The seasonal variation of lower-tropospheric ozone over New
Guinea shows a distinguishable annual cycle with a maximum in July-September and a minimum
in January-February. Because the ozone monthly variation is well anti-correlated with
monthly rainfall, biomass burning appears to be a likely precursor of the elevated ozone
in a mechanism similar to the mechanism observed over South America and Africa. The
tropospheric-ozone linear trend derived from a regression of the deseasonalized monthly
averaged lower-tropospheric ozone amount versus time east of New Guinea (upwind of the
biomass-burning areas) shows no significant trend; however, west of New Guinea (downwind
of the biomass burning regions) we find a statistically significant increase. The
magnitude of this trend is similar to the magnitude of the trend in the lower-troposphere
ozone in western South America. The tropospheric-ozone linear trend derived from a
regression of the deseasonalized monthly averaged lower-tropospheric ozone amount versus
time east of New Guinea (upwind of the biomass-burning areas) shows no significant trend;
however, west of New Guinea (downwind of the biomass burning regions) we find a
statistically significant increase. The magnitude of this trend is similar to the
magnitude of the trend in the lower-troposphere ozone in western South America.
Method
- Monthly averaged NIMBUS-7 version-7 level-3
TOMS total ozone data on a 1o latitude by 1.25o longitude grid from
January 1979 to April 1993. Lower tropospheric ozone derived from the difference between
total column ozone amounts over two nearby regions with a topgraphic contrast.
- High-density (level-2) TOMS data contains
height information over the TOMS field-of-view (Figure 1).

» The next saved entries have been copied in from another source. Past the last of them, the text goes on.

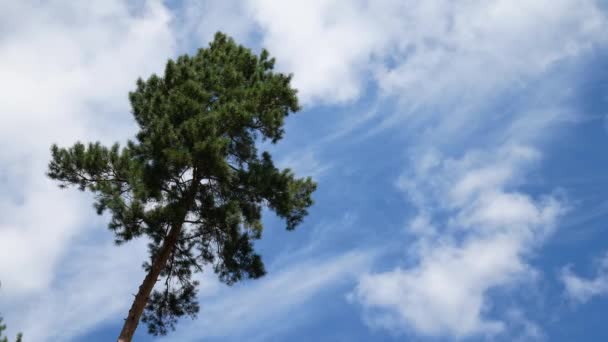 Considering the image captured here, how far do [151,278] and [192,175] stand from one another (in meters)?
2.94

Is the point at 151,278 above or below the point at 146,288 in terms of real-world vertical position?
above

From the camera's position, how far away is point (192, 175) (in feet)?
44.5

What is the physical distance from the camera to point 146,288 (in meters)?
12.2

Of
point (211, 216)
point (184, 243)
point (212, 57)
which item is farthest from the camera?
point (212, 57)

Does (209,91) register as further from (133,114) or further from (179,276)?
(179,276)

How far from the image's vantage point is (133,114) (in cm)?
1505

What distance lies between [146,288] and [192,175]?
321cm

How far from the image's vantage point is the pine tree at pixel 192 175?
12578mm

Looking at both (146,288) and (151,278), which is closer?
(146,288)

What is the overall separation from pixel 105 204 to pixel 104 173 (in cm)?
135

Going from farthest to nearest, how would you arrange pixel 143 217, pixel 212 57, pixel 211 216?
pixel 212 57 → pixel 211 216 → pixel 143 217

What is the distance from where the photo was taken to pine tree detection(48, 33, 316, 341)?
12578 mm

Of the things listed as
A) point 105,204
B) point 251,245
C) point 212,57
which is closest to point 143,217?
point 105,204

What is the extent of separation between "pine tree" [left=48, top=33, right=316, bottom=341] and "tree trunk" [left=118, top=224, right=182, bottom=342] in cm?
3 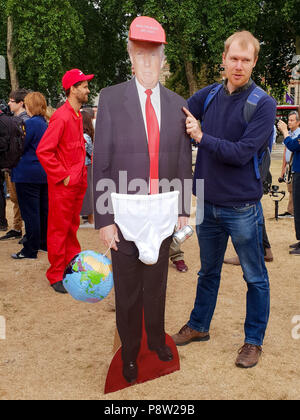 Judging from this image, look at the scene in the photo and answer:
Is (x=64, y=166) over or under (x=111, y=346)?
over

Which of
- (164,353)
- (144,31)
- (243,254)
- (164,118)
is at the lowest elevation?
(164,353)

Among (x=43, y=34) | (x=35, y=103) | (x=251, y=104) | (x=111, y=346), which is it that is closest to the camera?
(x=251, y=104)

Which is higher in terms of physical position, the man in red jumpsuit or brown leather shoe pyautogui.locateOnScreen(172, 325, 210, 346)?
the man in red jumpsuit

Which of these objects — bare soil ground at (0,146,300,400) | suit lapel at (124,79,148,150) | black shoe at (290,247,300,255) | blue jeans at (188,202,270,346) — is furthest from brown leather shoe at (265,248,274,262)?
suit lapel at (124,79,148,150)

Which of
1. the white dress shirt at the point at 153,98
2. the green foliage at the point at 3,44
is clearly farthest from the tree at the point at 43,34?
the white dress shirt at the point at 153,98

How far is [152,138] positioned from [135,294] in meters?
0.98

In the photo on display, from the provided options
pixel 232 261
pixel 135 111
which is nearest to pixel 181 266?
pixel 232 261

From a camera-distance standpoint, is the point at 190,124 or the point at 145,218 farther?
the point at 190,124

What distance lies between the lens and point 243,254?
344cm

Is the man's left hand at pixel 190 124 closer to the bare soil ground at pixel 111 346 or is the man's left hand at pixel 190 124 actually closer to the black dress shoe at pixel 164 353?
the black dress shoe at pixel 164 353

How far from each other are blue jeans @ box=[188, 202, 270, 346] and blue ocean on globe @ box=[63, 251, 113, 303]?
3.04ft

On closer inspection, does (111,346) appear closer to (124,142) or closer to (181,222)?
(181,222)

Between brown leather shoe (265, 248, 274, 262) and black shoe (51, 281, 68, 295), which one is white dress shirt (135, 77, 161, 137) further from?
brown leather shoe (265, 248, 274, 262)

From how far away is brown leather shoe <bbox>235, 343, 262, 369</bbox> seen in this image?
3480 mm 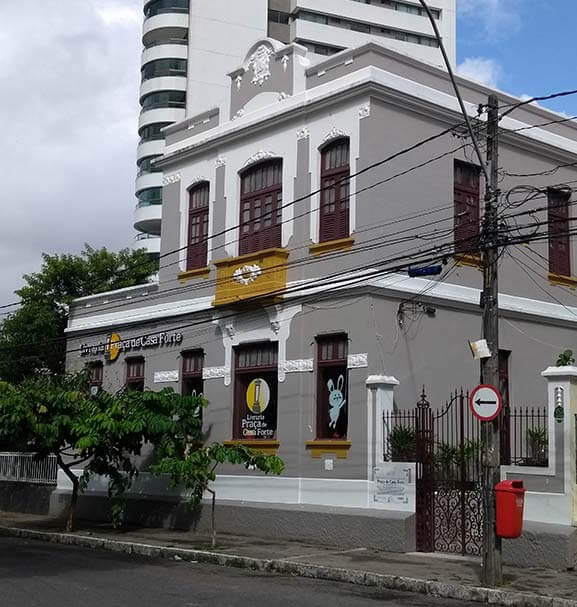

- Plate 1 shows version-7 level-3 TOMS
total ozone over the western Pacific ocean (upper panel) and over South America (lower
panel) in August 1983, as an example of the total atmospheric ozone field surrounding
our points of study. Regional minimums in total ozone result from the fact that the depth
of the troposphere is less over the mountain locations relative to the sea-level
locations.
- The important assumption made by the JY
method is that both stratospheric ozone and upper-tropospheric ozone are the same over
both the mountain and the adjacent land (or ocean).
- The vertical location of the ozone in the
troposphere will be somewhat more uncertain in the New Guinea case than in the Andes case
(Figure 1, bottom panel). In this fashion, the lower tropospheric ozone signal over
western New Guinea can be amplified during the biomass burning season.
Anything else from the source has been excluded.